MDS, I too called Bandit this morning and sent them pics. They told me to do just what I planned, do a build up and grind it back flush but they use a 7018 rod which I have a rod oven full of. So that's what I'm going to do except will do a cover pass with a hard surface rod just to see if it slows down the wear. I guess there is not a lot of wear as it has moved a lot of material. I too have the same issue on the nut pockets, one side is perfect and the other end of the wheel has worn through.
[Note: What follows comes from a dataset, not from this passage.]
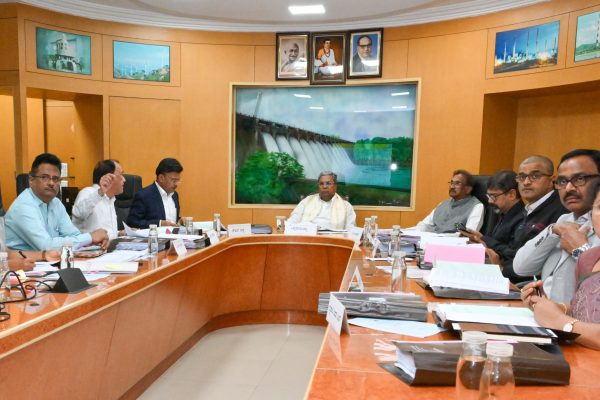 ಬೆಂಗಳೂರು, ಜನವರಿ 8: ಮಹಾತ್ಮಾ ಗಾಂಧಿ ಗ್ರಾಮೀಣ ಉದ್ಯೋಗ ಖಾತ್ರಿ ಯೋಜನೆಯನ್ನು ಕೇಂದ್ರ ಸರ್ಕಾರ ಹಿಂಪಡೆದಿರುವ ಬಗ್ಗೆ ಸಚಿವ ಸಂಪುಟ ಸಭೆ ಚರ್ಚೆ ನಡೆಸಿದ್ದು, ಇದರ ಬದಲಿಗೆ ತಂದಿರುವ ,"ವಿಬಿಜಿ, ರಾಮ್ ಜಿ" ಯೋಜನೆಯ ಬಗ್ಗೆ ಕಾನೂನಾತ್ಮಕ ಕ್ರಮ ಕೈಗೊಳ್ಳಲು ಸಚಿವ ಸಂಪುಟ ಸಭೆ ತೀರ್ಮಾನಿಸಿದೆ ಎಂದು ಪ್ರವಾಸೋದ್ಯಮ, ಕಾನೂನು ಮತ್ತು ಸಂಸದೀಯ ವ್ಯವಹಾರಗಳ ಸಚಿವ ಹೆಚ್ ಕೆ ಪಾಟೀಲ್ ತಿಳಿಸಿದರು. ಅವರು ಇಂದು ಸಚಿವ ಸಂಪುಟ ಸಭೆ ನಂತರ ಪತ್ರಿಕಾಗೋಷ್ಠಿಯಲ್ಲಿ ಈ ವಿಷಯ ತಿಳಿಸಿದರು. ಜನರ ನ್ಯಾಯಾಲಯಕ್ಕೂ ವಿಬಿಜಿ, ರಾಮ್ ಜಿ" ಯೋಜನೆಯ ತೆಗೆದುಕೊಂಡು ಹೋಗಲು ನಿರ್ಣಯಿಸಲಾಗಿದೆ ಎಂದ ಅವರು ಸಂವಿಧಾನದ 73 ನೇ ತಿದ್ದುಪಡಿಯಾದ ನಂತರ ದೇಶದಲ್ಲಿ ವಿಕೇಂದ್ರೀಕರಣವಾಗಿದೆ. ಈ ಯೋಜನೆಯಿಂದ ವಿಕೇಂದ್ರೀಕರಣಕ್ಕೆ ಕೊಡಲಿ ಏಟು ಬಿದ್ದಿದೆ. ಗ್ರಾಮೀಣ ಭಾಗದ ಜನರ ಉದ್ಯೋಗದ ಹಕ್ಕನ್ನು ಕಿತ್ತುಕೊಳ್ಳುವ ಕೆಲಸವನ್ನು MNREGA ವಾಪಸ್ಸು ಪಡೆಯುವ ಮೂಲಕ ಮಾಡಲಾಗಿದೆ ಎಂದರು. MNREGA ಮೂಲಕ ಪಂಚಾಯಿತಿಗಳಲ್ಲಿ ಆಸ್ತಿ ನಿರ್ಮಾಣವಾಗುತ್ತಿತ್ತು. ಈಗ ಕರಾಳ ಕಾನೂನು ತಂದು ಕಾರ್ಮಿಕರು ಗುತ್ತಿಗೆದಾರರು ಮಾಡಿಸುತ್ತಿರುವ ರಾಷ್ಟ್ರೀಯ ಹೆದ್ದಾರಿ ಕಾಮಗಾರಿಗಳಲ್ಲಿ ಕೆಲಸ ಮಾಡಬೇಕಿದೆ. ಕೂಲಿಕಾರರ ಹಿತ ಕಾಪಾಡುವ ಆಸಕ್ತಿಯನ್ನು ಕೇಂದ್ರ ಸರ್ಕಾರ ತೋರಿಸಿಲ್ಲ . ಬದಲಿಗೆ ಉದ್ಯೋಗದ ಹಕ್ಕನ್ನು ಕಿತ್ತುಕೊಂಡಿದೆ. ಗ್ರಾಮಗಳಲ್ಲಿ ಯಾವ ಕೆಲಸವಾಗಬೇಕೆಂದು ತೀರ್ಮಾನಿಸುವ ಅಧಿಕಾರ ಪಂಚಾಯಿತಿಗಳಿಗಿತ್ತು. ಈಗ ಅದನ್ನು ಸಂಪೂರ್ಣವಾಗಿ ಕಿತ್ತುಕೊಂಡು ಕೆಲಸ ಎಲ್ಲಿ ಆಗಬೇಕು ಎಂದು ಕೇಂದ್ರ ಸರ್ಕಾರ ನಿರ್ದೇಶನ ನೀಡುತ್ತದೆ. ಈ ಕರಾಳ ಶಾಸನವನ್ನು ಕರ್ನಾಟಕ ಸರ್ಕಾರ ತೀವ್ರವಾಗಿ ವಿರೋಧಿಸುತ್ತದೆ. ರಾಜಕೀಯವಾಗಿ, ಕಾನೂನಾತ್ಮಕವಾಗಿ ಹಾಗೂ ಜನರ ನ್ಯಾಯಾಲಯದಲ್ಲಿ ಹೋರಾಟ ಮಾಡುವುದಾಗಿ ತಿಳಿಸಿದರು. ಮೇಲ್ನೋಟಕ್ಕೆ 125 ದಿನ ಕೆಲಸ ನೀಡುವುದು ಎಂದಿದ್ದರೂ , ನಿರ್ದಿಷ್ಟವಾಗಿ ಆಗುವಂತಿಲ್ಲ. ಇದಕ್ಕೆ ಹಣವೆಲ್ಲಿದೆ. ಶೇ.40% ರಷ್ಟು ಅನುದಾನವನ್ನು ರಾಜ್ಯ ಸರ್ಕಾರ ಭರಿಸಬೇಕಿದೆ. ಭಾರಿ ಪ್ರಮಾಣದ ಆರ್ಥಿಕ ಹೊರೆ ಬೀಳುವಂತಿದ್ದರೆ ಸಂಬಂಧಪಟ್ಟ ರಾಜ್ಯಗಳೊಂದಿಗೆ ಚರ್ಚೆ ಮಾಡಬೇಕು. ಆದರೆ ಹಾಗೆ ಆಗಿಲ್ಲ. 15ನೇ ಹಣಕಾಸು ಆಯೋಗದ ಶಿಫಾರಸುಗಳು ಅನುಷ್ಠಾನಕ್ಕೆ ಬಂದ ನಂತರ ಇದನ್ನು ಹೊಸದಾಗಿ ಸೇರ್ಪಡೆ ಮಾಡಲಾಗಿದೆ ಎಂದರು. ಶೀಘ್ರದಲ್ಲಿ ಪಂಚಾಯತ್ ಚುನಾವಣೆ ವಿಬಿಜಿ, ರಾಮ್ ಜಿ" ಯೋಜನೆಯ ಬಗ್ಗೆ ಕಾನೂನಾತ್ಮಕ ಕ್ರಮ ಕೈಗೊಳ್ಳಲು ಸಚಿವ ಸಂಪುಟ ಸಭೆ ತೀರ್ಮಾನ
Here is my updated pics, wish you were closer, I'd weld it for ya but I would just take it to a local weld shop with the cover off the disc, just make sure they ground to the wheel as close to where they are welding so electricity will not ground through the bearings but they should know that.

View attachment 226972
View attachment 226973


----------



## swyman (Mar 1, 2012)

tree MDS said:


> You're sure bandit will repair a disk?
> 
> I may be taking back all the good things I've said about these chippers over the years. Always some bull#### with this business..



I have not checked but I don't think there is any way a disc style chipper could avoid this wear. It is not a huge deal at all just normal wear. $1500 to repair yours as they quoted???? Attention all dics chipper owners, please send me your disc's to be repaired!!!!!!!


----------



## Eq Broker (Mar 1, 2012)

*More chipper stuff*

You might be able to find a machinist in your area that can perform the task a lot cheaper. The tough part will be balancing the disc. You might want to see if Bandit will send you specs on the disc so the machinist doesn't over build the area. We used to have a machine shop in the Atlanta area who had a balancing machine and they have since gone out of business. You might be able to find a comparable company in your area. I would use the search words machinist and steel fabricator and see what is available. If they don't do it they might be able to recommend you to someone.


----------



## tree MDS (Mar 1, 2012)

swyman said:


> I have not checked but I don't think there is any way a disc style chipper could avoid this wear. It is not a huge deal at all just normal wear. $1500 to repair yours as they quoted???? Attention all dics chipper owners, please send me your disc's to be repaired!!!!!!!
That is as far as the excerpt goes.